Below is the most complete Reuters report on the murder of Daniel "Danny"
Pearl:

Kidnapped U.S. reporter killed on camera

By Brian Williams


KARACHI, Feb 22 (Reuters) - American journalist Daniel Pearl, kidnapped in
Pakistan while trying to make contact with Islamic radical groups, was
executed on camera by his captors who slit his throat, U.S. and Pakistani
officials said on Friday.

Pakistan's president, Pervez Musharraf, who has rallied to the U.S.-led war
on terrorism and cracked down on Islamic radicals, denounced the murder as
gruesome and ordered an all-out nationwide manhunt for suspects still at
large.

President George W. Bush, speaking during a visit to China, called the
killing of the 38-year-old Wall Street Journal reporter a "criminal,
barbaric" act.

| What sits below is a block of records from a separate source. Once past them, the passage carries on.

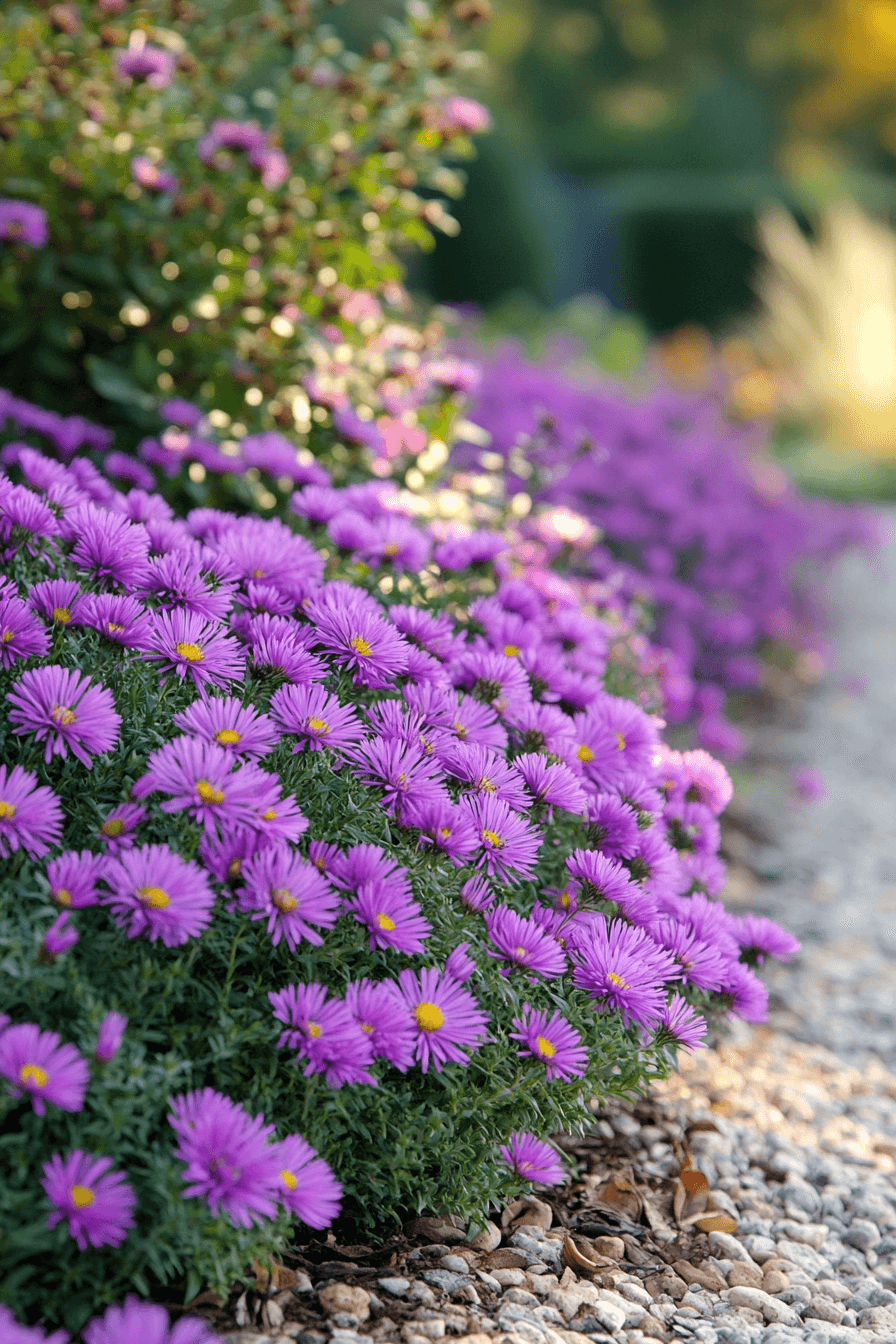 Compact Purple Dome Aster with rich purple flowers forming a dome-shaped bush, blooming along the garden border in late autumn.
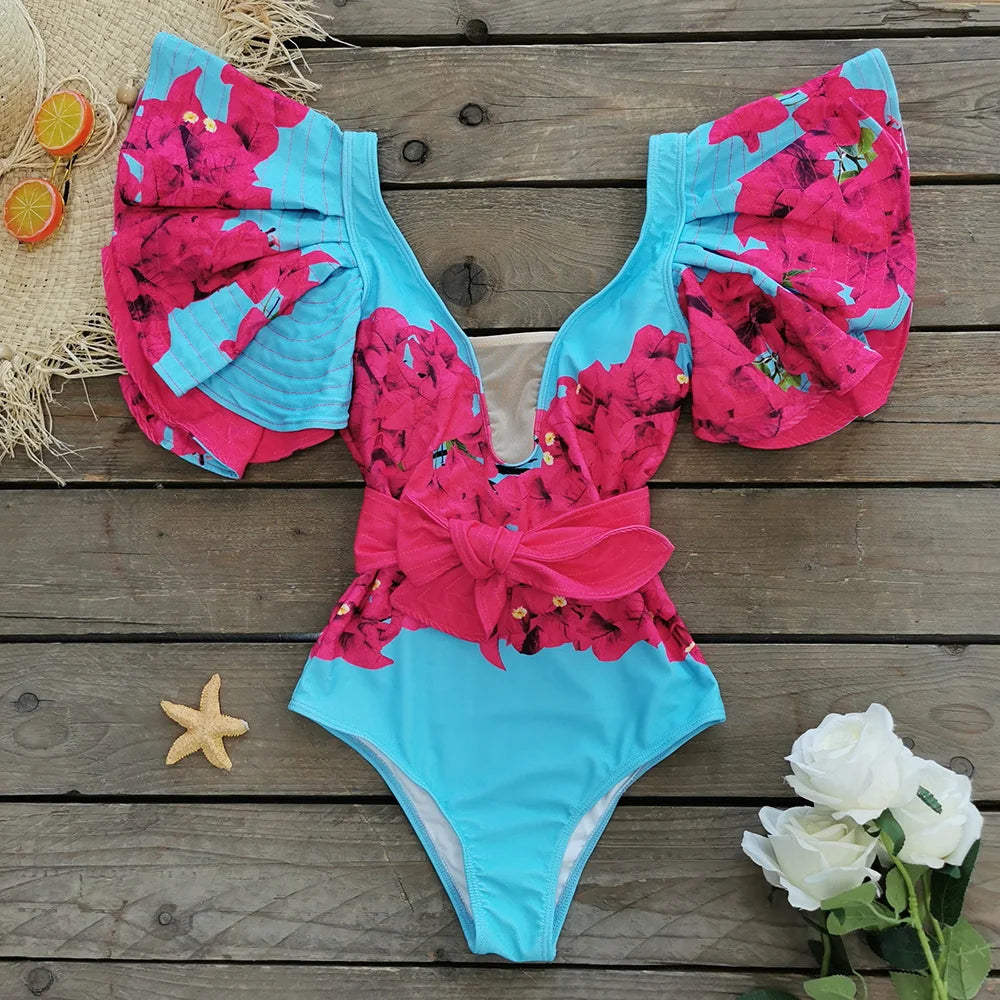 Sexy Ruffle Shoulder Swimsuit V-Neck Swimwear Women Backless Push Up Bathing SuitBeach Wear 2024 Female Swimming Suit
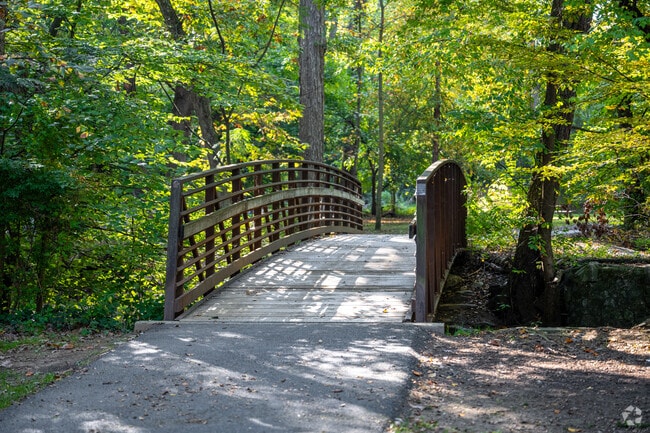 Shaded bridge spans Sligo Creek along scenic trails in Silver Spring Park.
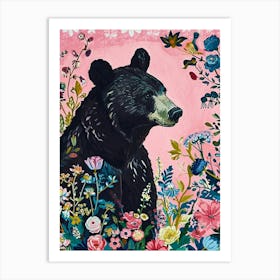 Floral Animal Painting Grizzly Bear 2 Art Print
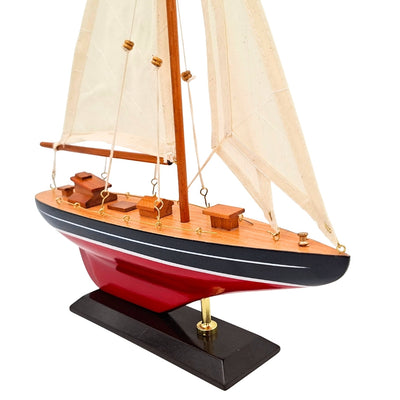 Elegancki Drewniany Model Jachtu Żaglowego 30 cm z Personalizacją Grawerem
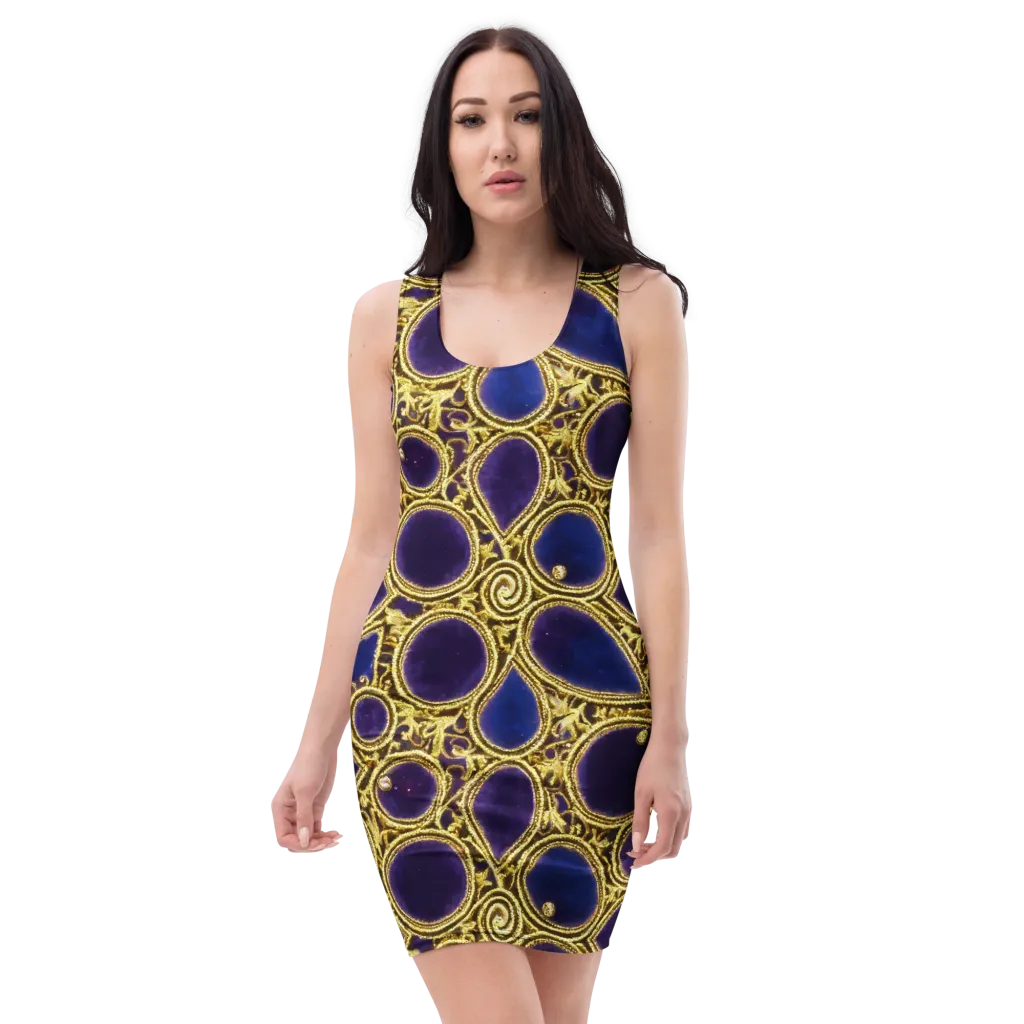 Gilded Midnight on Bodycon Dress — Front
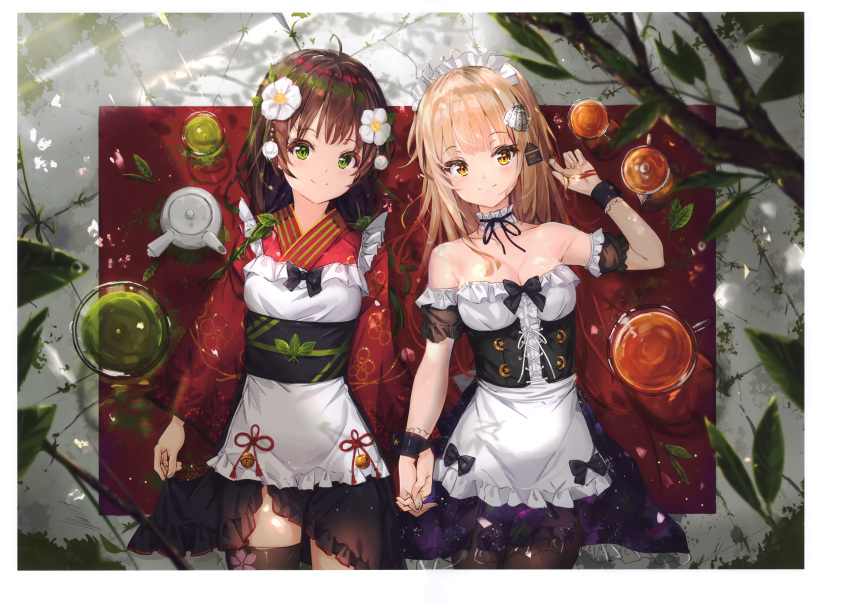 2girls absurdres ahoge apron bangs bare_shoulders bell blush branch breasts brown_hair cleavage closed_mouth day detached_collar dress eyebrows_visible_through_hair fingernails floral_print green_eyes hair_ornament highres holding_hands interlocked_fingers japanese_clothes jingle_bell leaf light_brown_hair long_hair long_sleeves looking_at_viewer lying maid_headdress medium_breasts multiple_girls na_kyo obi on_back original outdoors pantyhose ribbon ribbon_trim sash scan shadow shiny shiny_hair short_dress skirt smile thighs waist_apron wide_sleeves wrist_cuffs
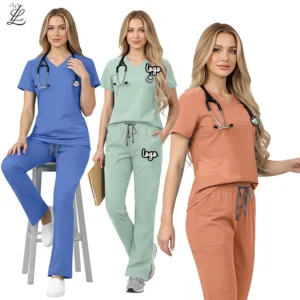 Female Washable Custom logo Hospital Medical Women Nurse Scrubs Uniform WorkCloth Skin Management Hospital Flare Pant Sets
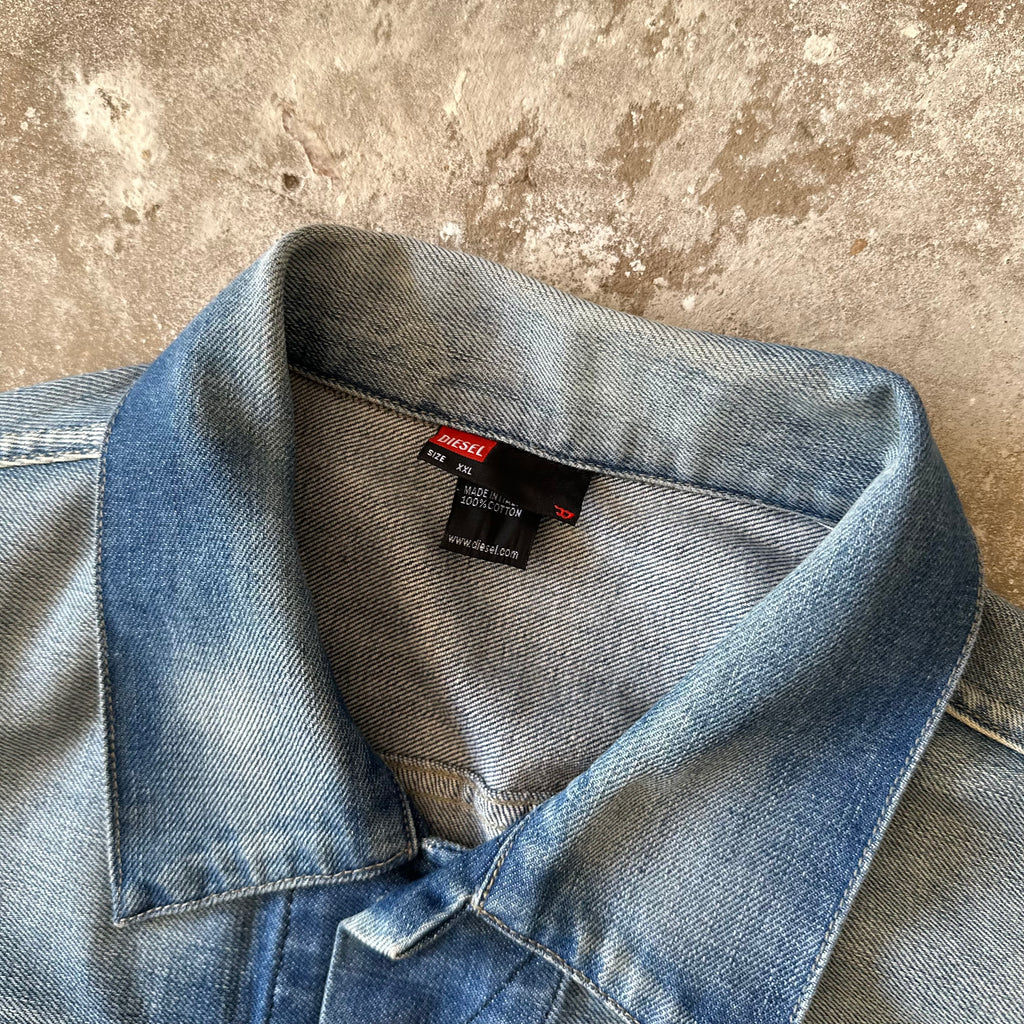 Vintage Diesel Washed Y2K Denim Jacket - 2XL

Pearl's family said it was a "senseless murder" that had
silenced "a gentle soul".

A top Pakistan government official told Reuters authorities learned of the
killing of Pearl, abducted in Karachi on January 23, from a videotape of the
murder sent to a Pakistani reporter in Karachi on Wednesday or Thursday.

Pearl's death was formally announced late on Thursday night.

His body has not been found and it is unclear exactly when and where he was
executed.

One U.S. official in Washington called the death tape "very gruesome". He
provided no details.

But in a account of Pearl's last moments, the Pakistani official, who asked
not to be identified, said Pearl's last words uttered on camera before his
killing were that he was a Jew and his father was a Jew.

"I have been told that the last words uttered by Pearl in the videotape,
immediately before his throat was slit, were 'Yes I am a Jew and my father is
a Jew'," the official said.

"Maybe he was forced by his kidnappers to say these words."

Dr Riffat Hussein, a defence and strategic studies analyst at Islamabad's
Quaid-e-Azam University in Islamabad, said the sophistication of the
kidnapping pointed to possible involvement of Osama bin Laden's al Qaeda
network, chief suspect for the September 11 attacks on the United States.

"If you look at the character of this case -- the methodology that was used,
the use of email, and videotape -- it suggests it may have some very
significant al-Qaeda links," Hussein said.

A Pakistani source close to the investigation told Reuters the video was
short and showed Pearl's throat being cut.

"The scene that apparently confirmed the murder of Pearl was when one
person's hand cut the U.S. reporter's neck with a sharp tool," the source,
quoting someone who had seen the tape, said.

The source added that the tape showed the hands of two or three other people.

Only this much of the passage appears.